(Scraped caption text data)
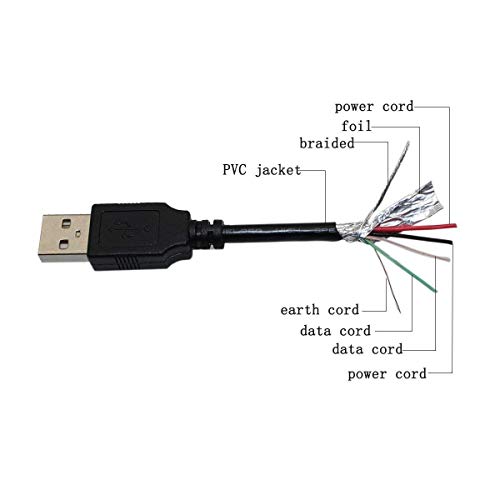 FitPow USB PC Tápegység Töltő Töltő kábel Kábel Vezet a Auvio 3300675 Bluetooth Vezeték nélküli Sztereó Fejpánt Fejhallgató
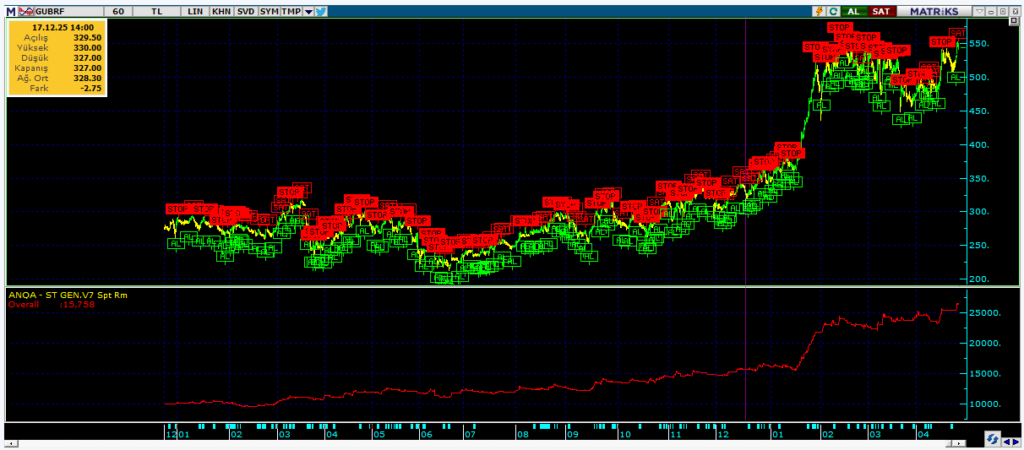 scalp trader – algoritmik trading yazılımı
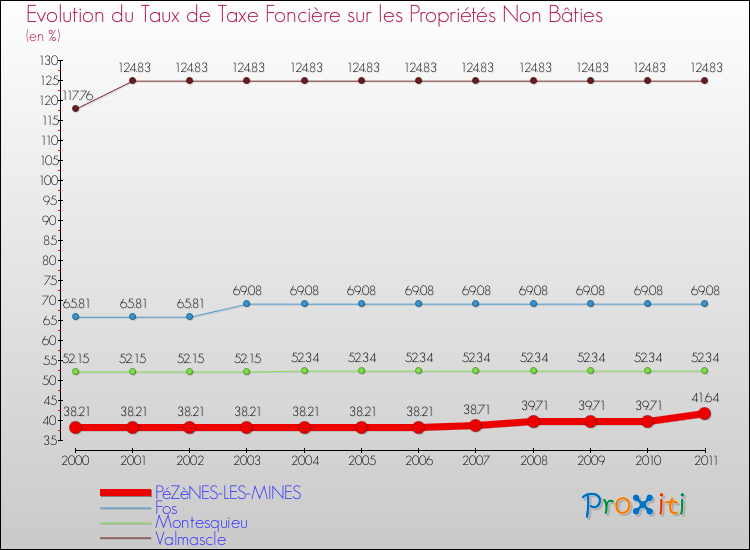 Evolution du taux de la taxe foncière sur les immeubles et terrains non batis pour PéZèNES-LES-MINES et les communes proches Comparaison des taux de la taxe foncière sur les immeubles et terrains non batis pour PéZèNES-LES-MINES et les communes voisines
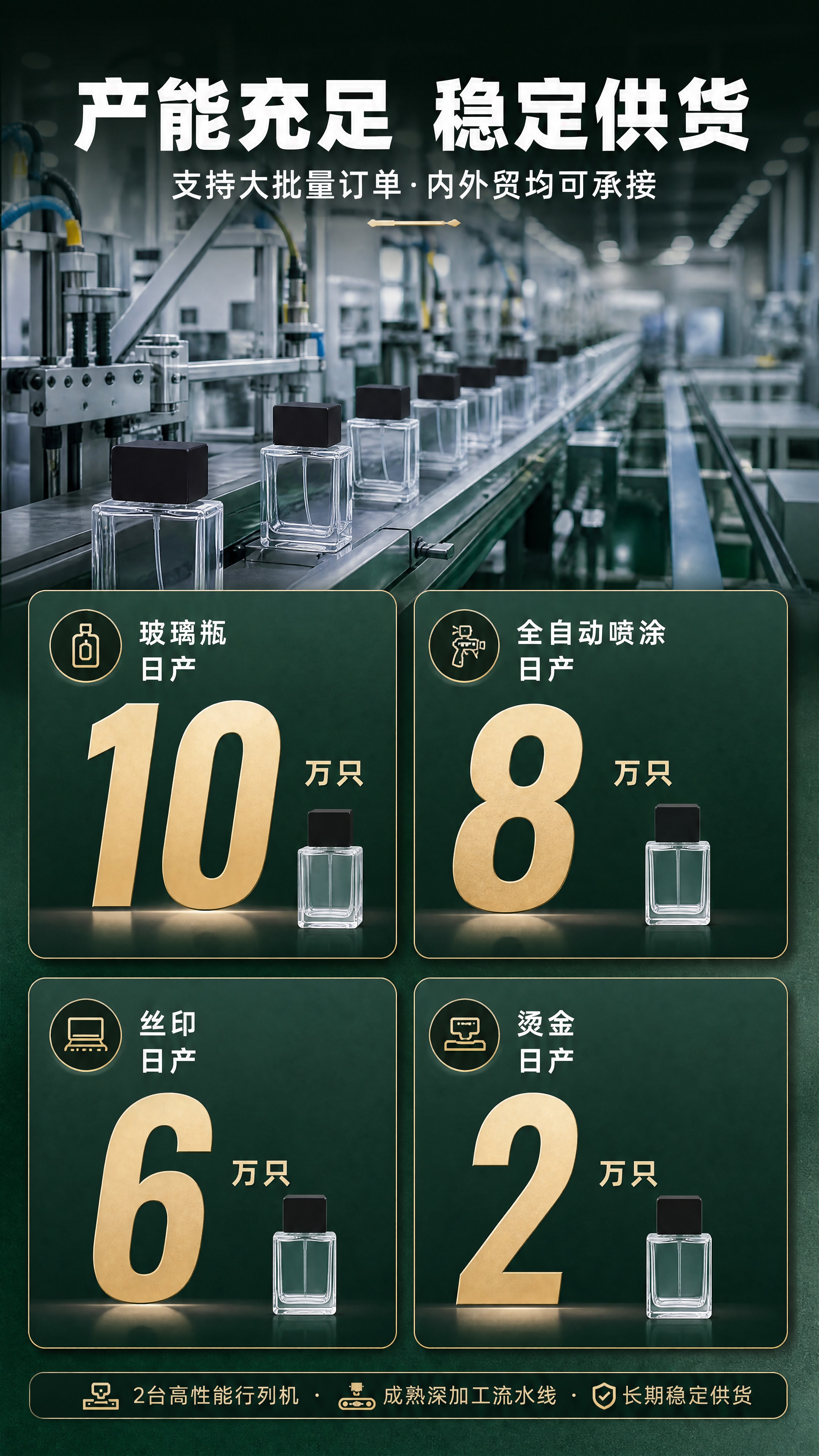 [商品] 本页为产能数据展示页，以数据可视化为主，产品小图辅助… - 图片创意预览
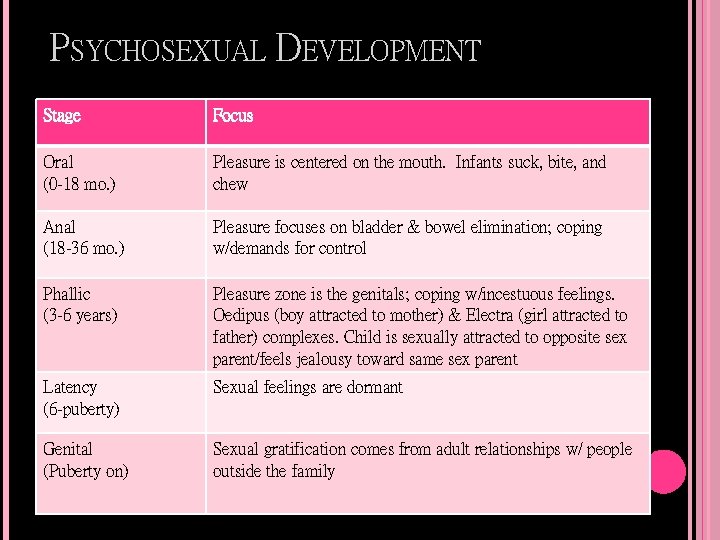 PSYCHOSEXUAL DEVELOPMENT Stage Focus Oral (0 -18 mo. ) Pleasure is centered on the
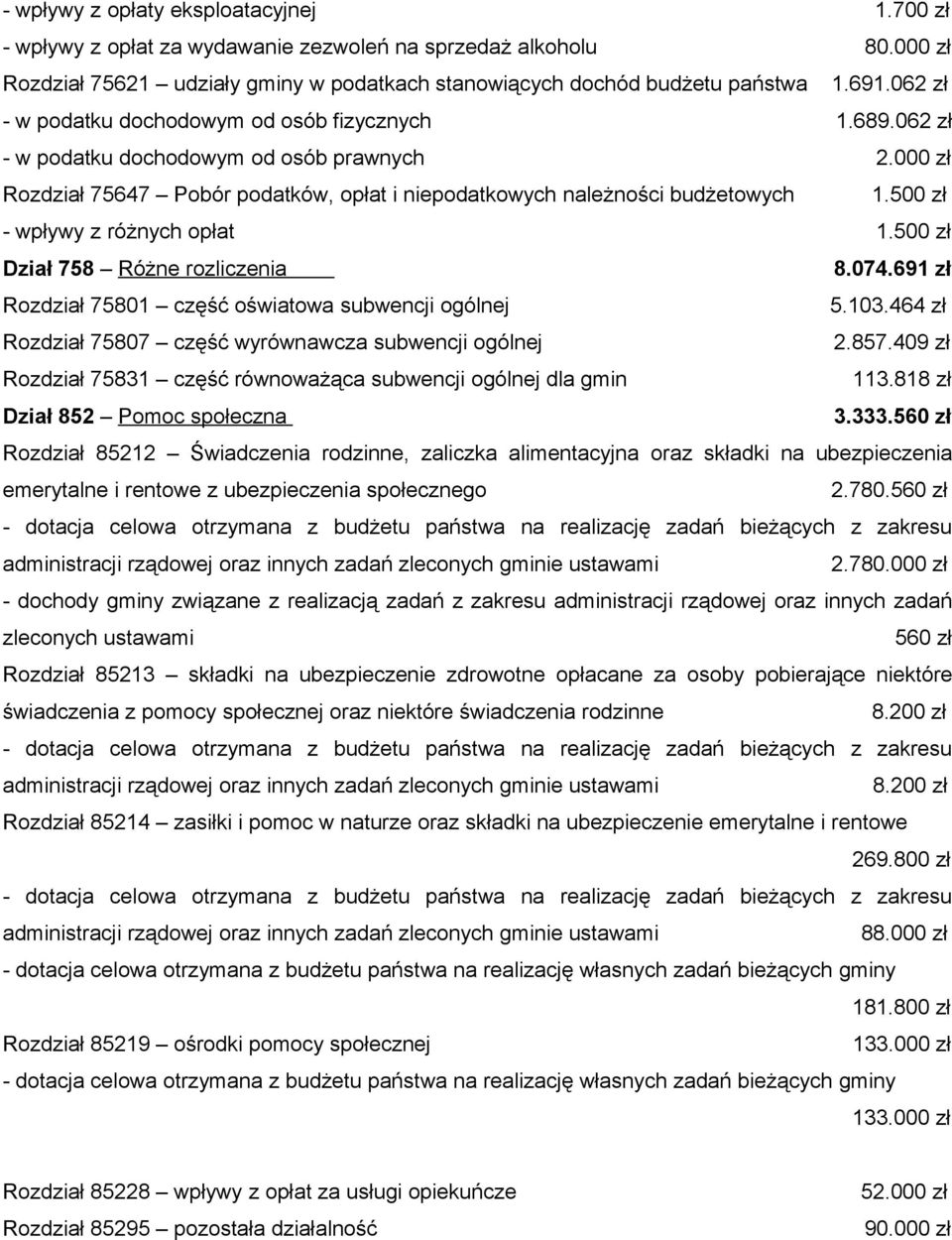 500 zł - wpływy z różnych opłat 1.500 zł Dział 758 Różne rozliczenia 8.074.691 zł Rozdział 75801 część oświatowa subwencji ogólnej 5.103.464 zł Rozdział 75807 część wyrównawcza subwencji ogólnej 2.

Exercise: Nothing but an exact copy is asked for: the lines from the start of the records through the line with "scalp trader – algoritmik trading yazılımı", both ends included, minus any pictures.

Result of this exercise:
 FitPow USB PC Tápegység Töltő Töltő kábel Kábel Vezet a Auvio 3300675 Bluetooth Vezeték nélküli Sztereó Fejpánt Fejhallgató
 scalp trader – algoritmik trading yazılımı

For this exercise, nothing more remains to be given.